- Exercise brief -
Transcribe the listing underneath, keeping each word exact and omitting the images.

· · · · · · ·

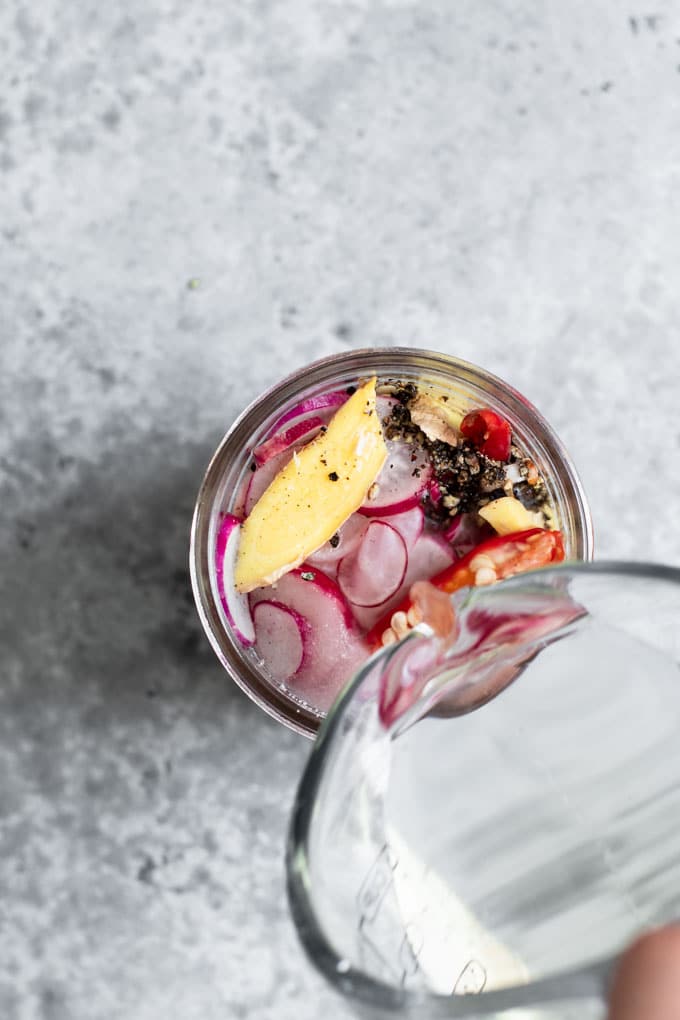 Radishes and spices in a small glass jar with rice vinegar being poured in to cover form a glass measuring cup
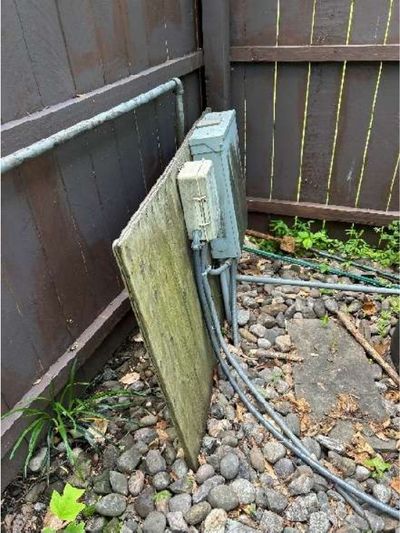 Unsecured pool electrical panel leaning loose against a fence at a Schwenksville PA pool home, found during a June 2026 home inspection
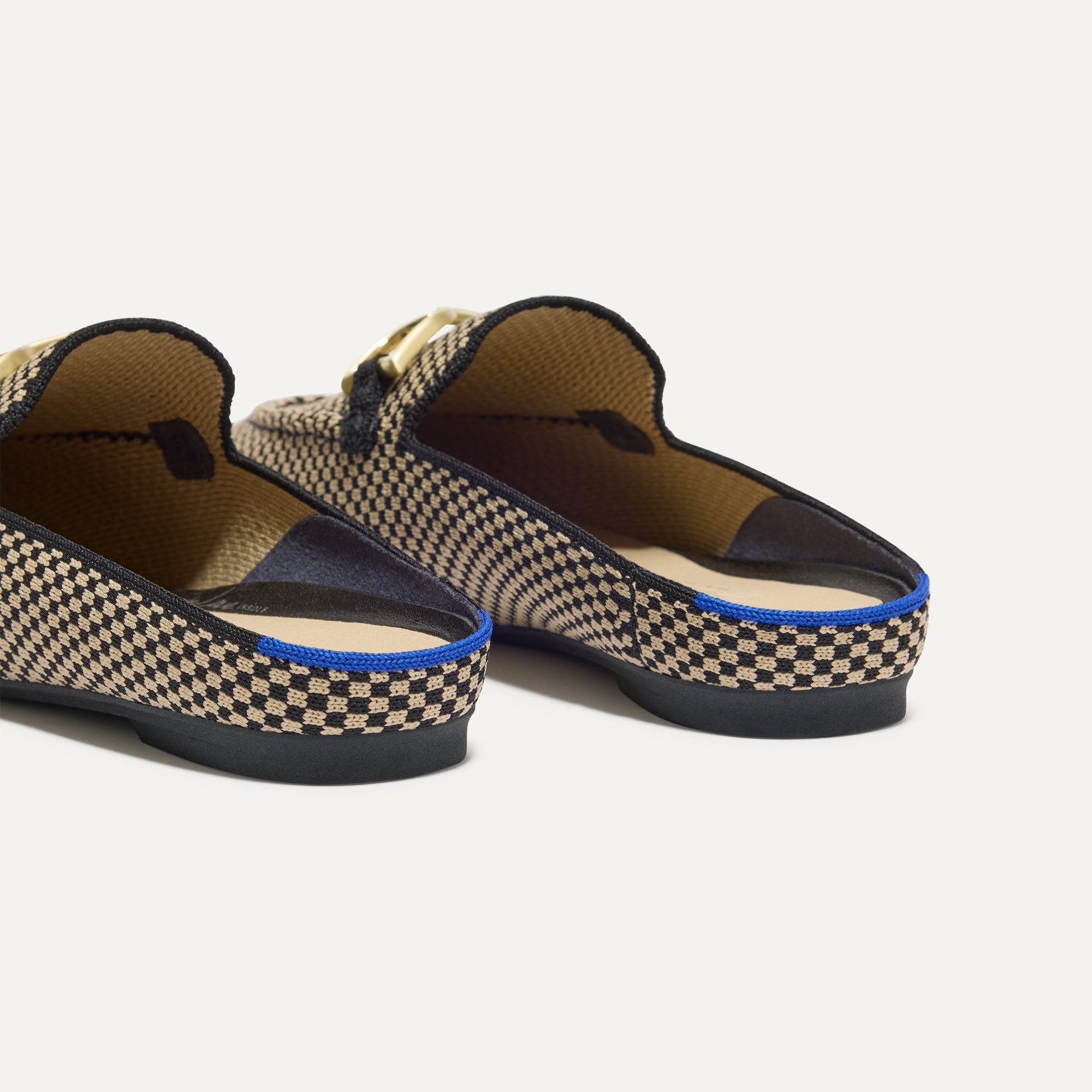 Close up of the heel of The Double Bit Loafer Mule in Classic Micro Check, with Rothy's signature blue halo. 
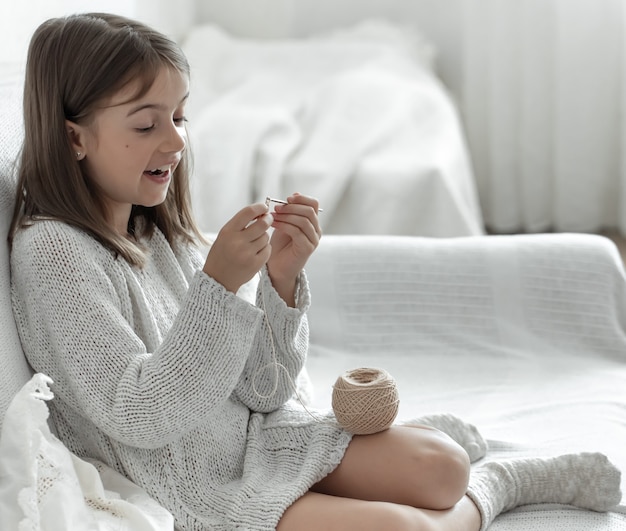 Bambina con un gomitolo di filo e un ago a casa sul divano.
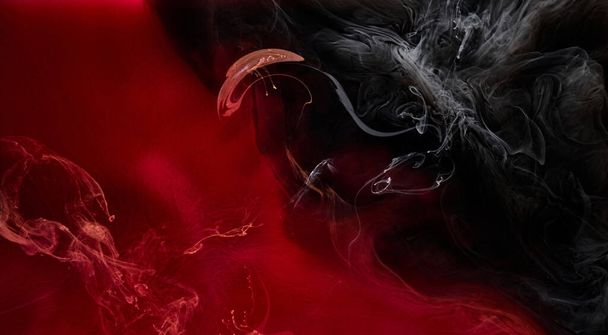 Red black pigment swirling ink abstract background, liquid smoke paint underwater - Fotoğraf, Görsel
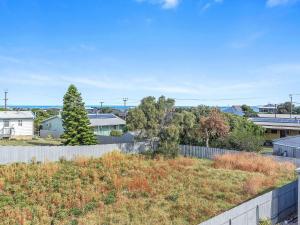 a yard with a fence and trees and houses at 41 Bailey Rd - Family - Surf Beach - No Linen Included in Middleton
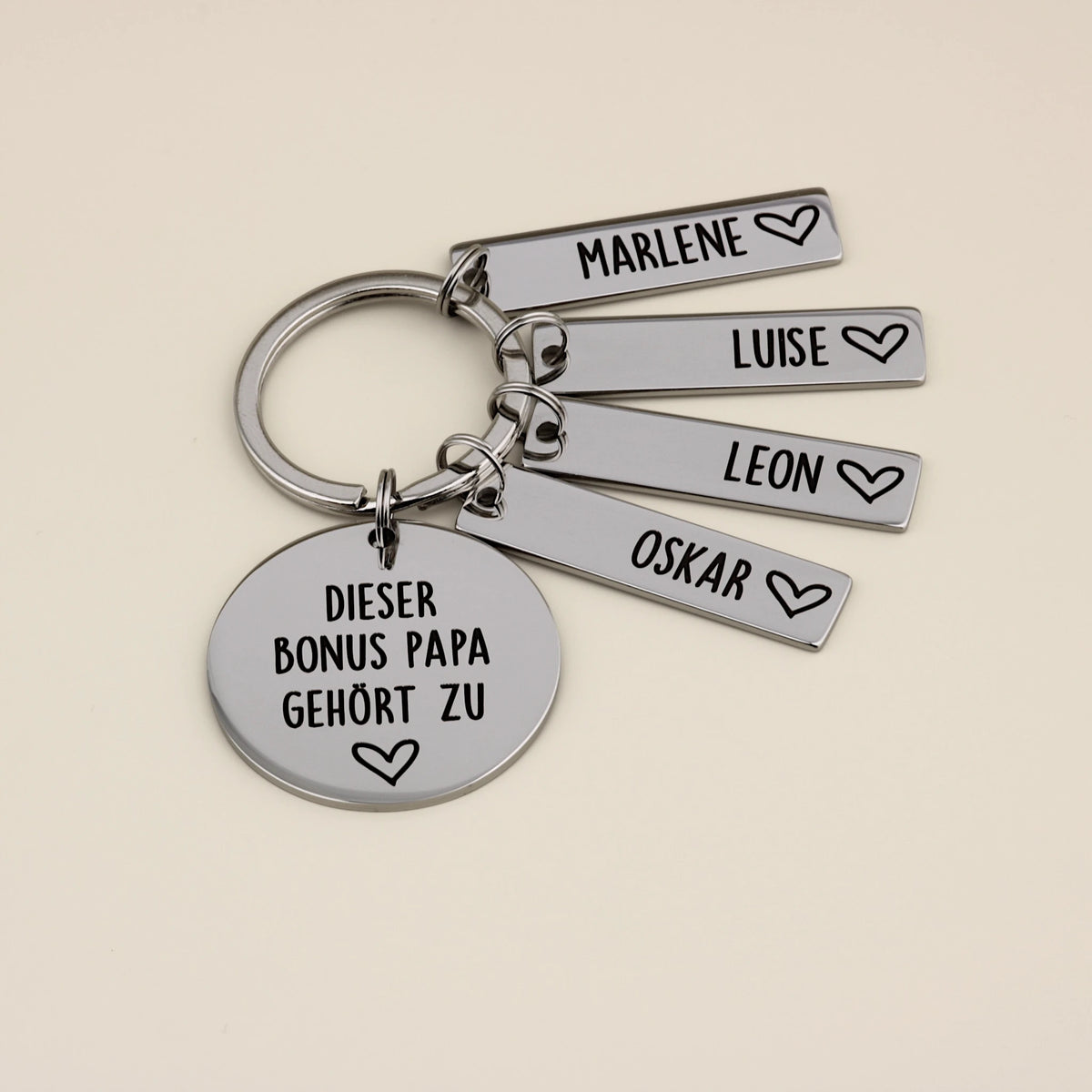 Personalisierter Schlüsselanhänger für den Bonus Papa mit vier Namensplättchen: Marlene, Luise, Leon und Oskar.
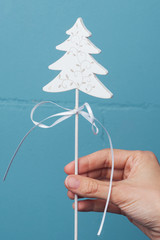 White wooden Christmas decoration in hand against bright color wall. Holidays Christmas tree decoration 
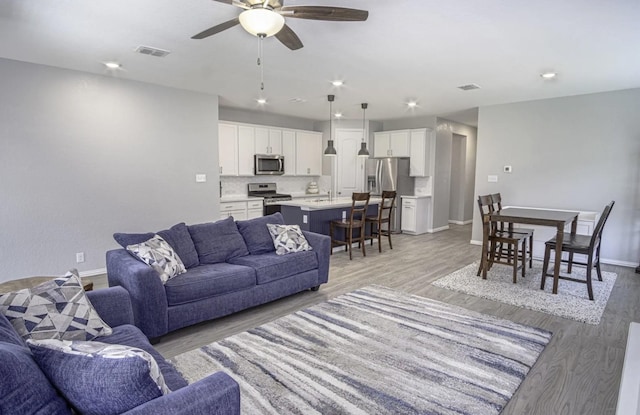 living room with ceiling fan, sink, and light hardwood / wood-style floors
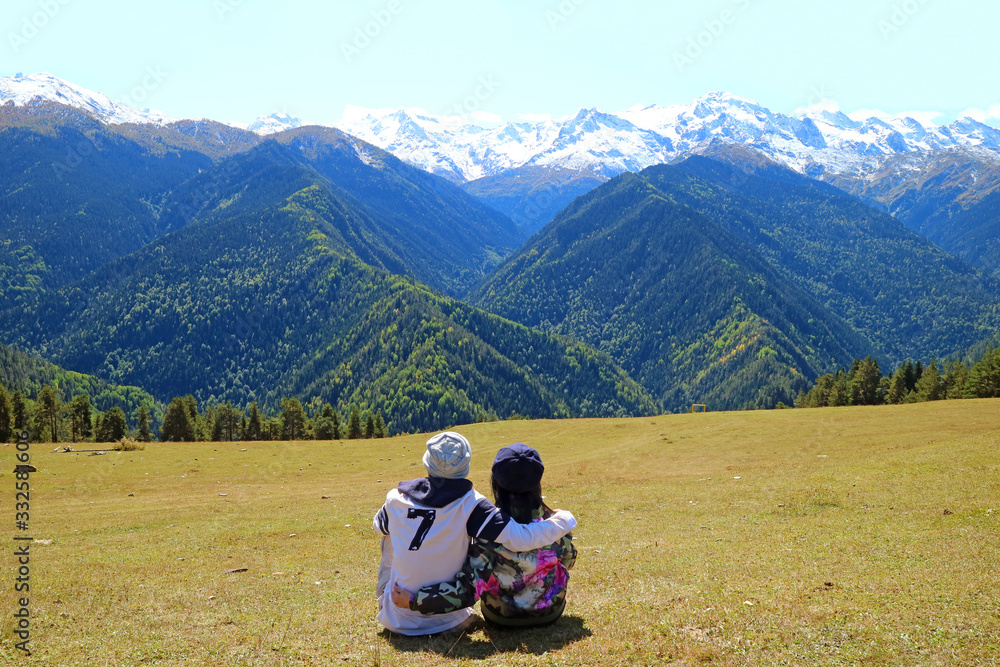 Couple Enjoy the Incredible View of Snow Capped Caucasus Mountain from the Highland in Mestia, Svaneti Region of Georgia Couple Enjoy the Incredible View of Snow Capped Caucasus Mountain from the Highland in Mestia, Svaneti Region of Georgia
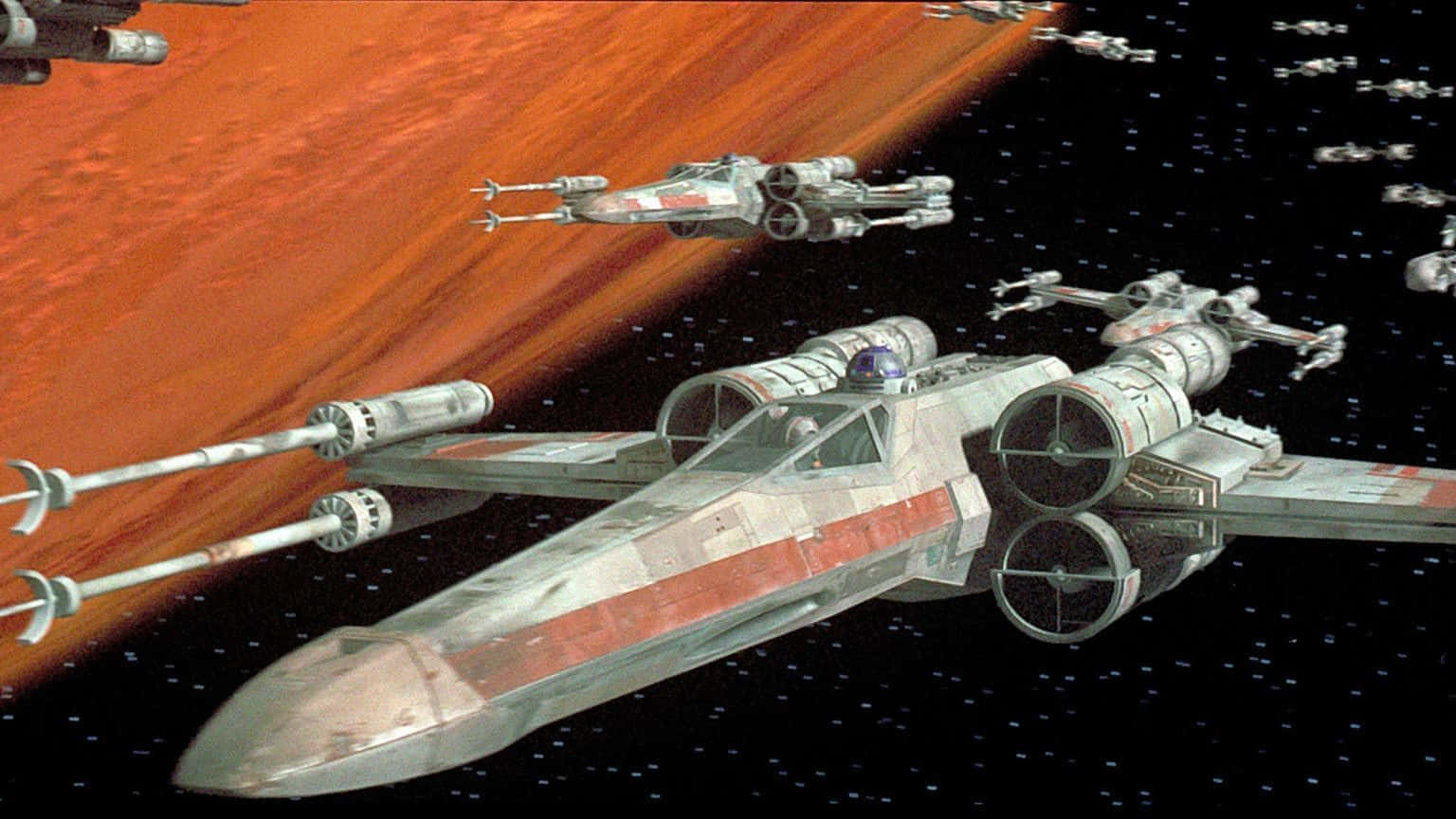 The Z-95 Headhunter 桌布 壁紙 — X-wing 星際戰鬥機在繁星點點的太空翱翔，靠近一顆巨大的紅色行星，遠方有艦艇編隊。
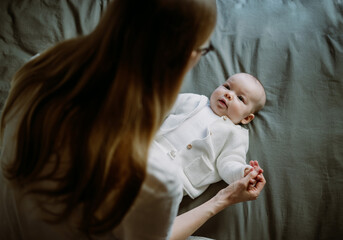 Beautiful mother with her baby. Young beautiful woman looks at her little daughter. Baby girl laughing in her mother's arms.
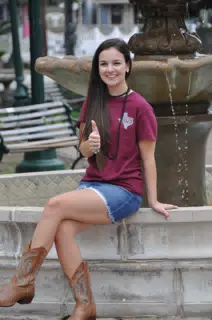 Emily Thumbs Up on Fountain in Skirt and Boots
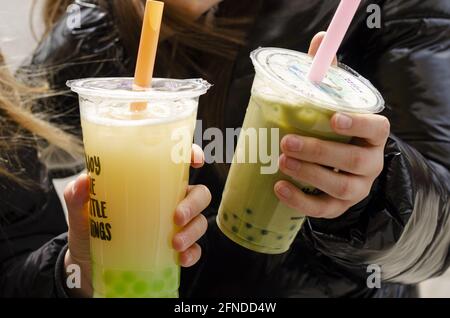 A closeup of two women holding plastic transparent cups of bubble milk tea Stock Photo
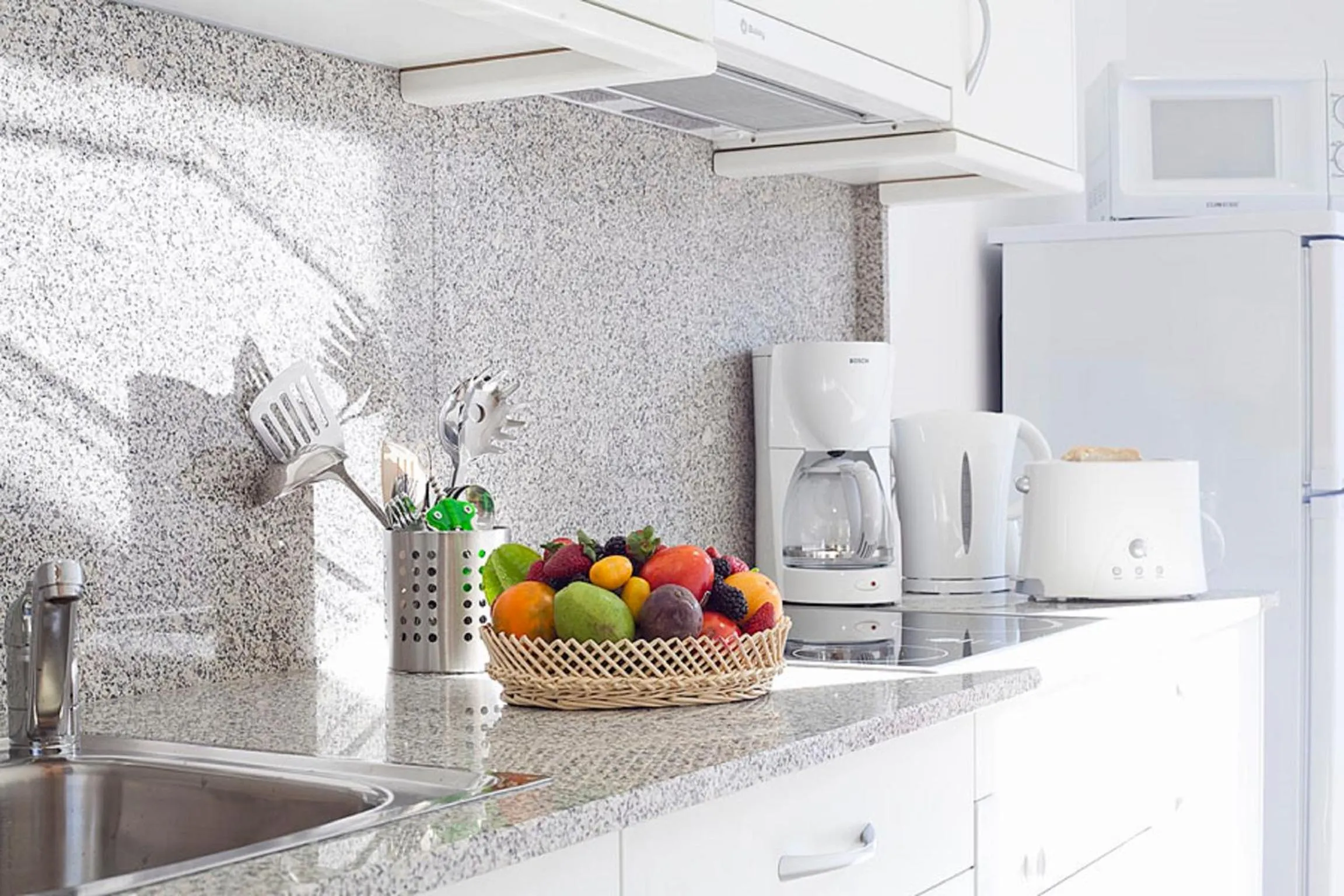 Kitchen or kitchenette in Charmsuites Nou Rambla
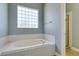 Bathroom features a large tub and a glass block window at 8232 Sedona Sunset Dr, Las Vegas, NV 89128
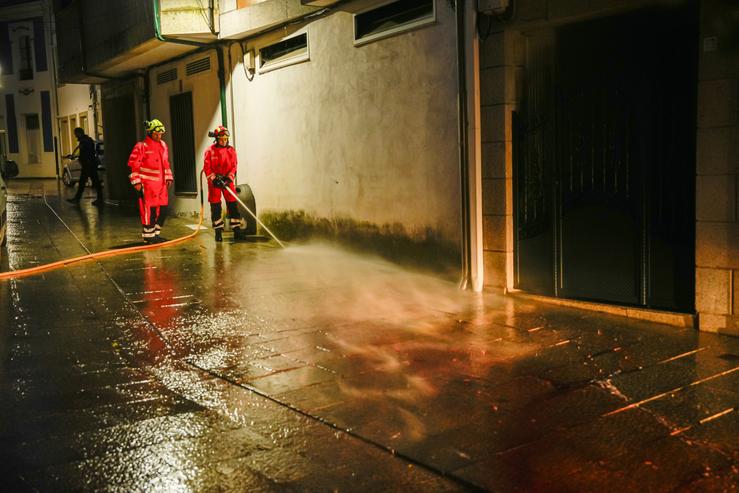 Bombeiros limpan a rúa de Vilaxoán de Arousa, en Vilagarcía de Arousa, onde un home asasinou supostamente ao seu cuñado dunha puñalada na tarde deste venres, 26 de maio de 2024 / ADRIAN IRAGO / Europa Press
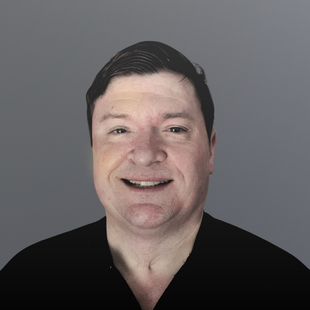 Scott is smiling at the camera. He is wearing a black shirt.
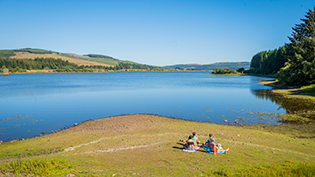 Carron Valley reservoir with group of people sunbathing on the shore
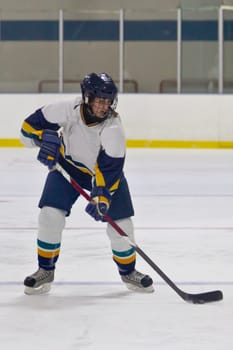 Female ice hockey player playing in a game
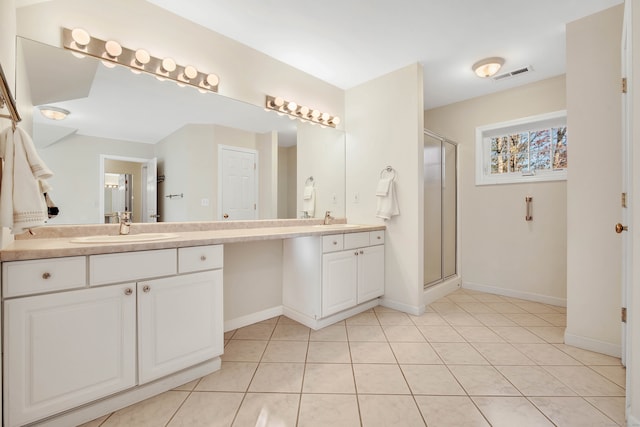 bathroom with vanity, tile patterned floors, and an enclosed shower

· · · · · · ·

- Task solution -
 Radishes and spices in a small glass jar with rice vinegar being poured in to cover form a glass measuring cup
 Unsecured pool electrical panel leaning loose against a fence at a Schwenksville PA pool home, found during a June 2026 home inspection
 Close up of the heel of The Double Bit Loafer Mule in Classic Micro Check, with Rothy's signature blue halo. 
 Bambina con un gomitolo di filo e un ago a casa sul divano.
 Red black pigment swirling ink abstract background, liquid smoke paint underwater - Fotoğraf, Görsel
 a yard with a fence and trees and houses at 41 Bailey Rd - Family - Surf Beach - No Linen Included in Middleton
 Personalisierter Schlüsselanhänger für den Bonus Papa mit vier Namensplättchen: Marlene, Luise, Leon und Oskar.
 White wooden Christmas decoration in hand against bright color wall. Holidays Christmas tree decoration 
 living room with ceiling fan, sink, and light hardwood / wood-style floors
 Couple Enjoy the Incredible View of Snow Capped Caucasus Mountain from the Highland in Mestia, Svaneti Region of Georgia Couple Enjoy the Incredible View of Snow Capped Caucasus Mountain from the Highland in Mestia, Svaneti Region of Georgia
 The Z-95 Headhunter 桌布 壁紙 — X-wing 星際戰鬥機在繁星點點的太空翱翔，靠近一顆巨大的紅色行星，遠方有艦艇編隊。
 Beautiful mother with her baby. Young beautiful woman looks at her little daughter. Baby girl laughing in her mother's arms.
 Emily Thumbs Up on Fountain in Skirt and Boots
 A closeup of two women holding plastic transparent cups of bubble milk tea Stock Photo
 Kitchen or kitchenette in Charmsuites Nou Rambla
 Bathroom features a large tub and a glass block window at 8232 Sedona Sunset Dr, Las Vegas, NV 89128
 Bombeiros limpan a rúa de Vilaxoán de Arousa, en Vilagarcía de Arousa, onde un home asasinou supostamente ao seu cuñado dunha puñalada na tarde deste venres, 26 de maio de 2024 / ADRIAN IRAGO / Europa Press
 Scott is smiling at the camera. He is wearing a black shirt.
 Carron Valley reservoir with group of people sunbathing on the shore
 Female ice hockey player playing in a game
 bathroom with vanity, tile patterned floors, and an enclosed shower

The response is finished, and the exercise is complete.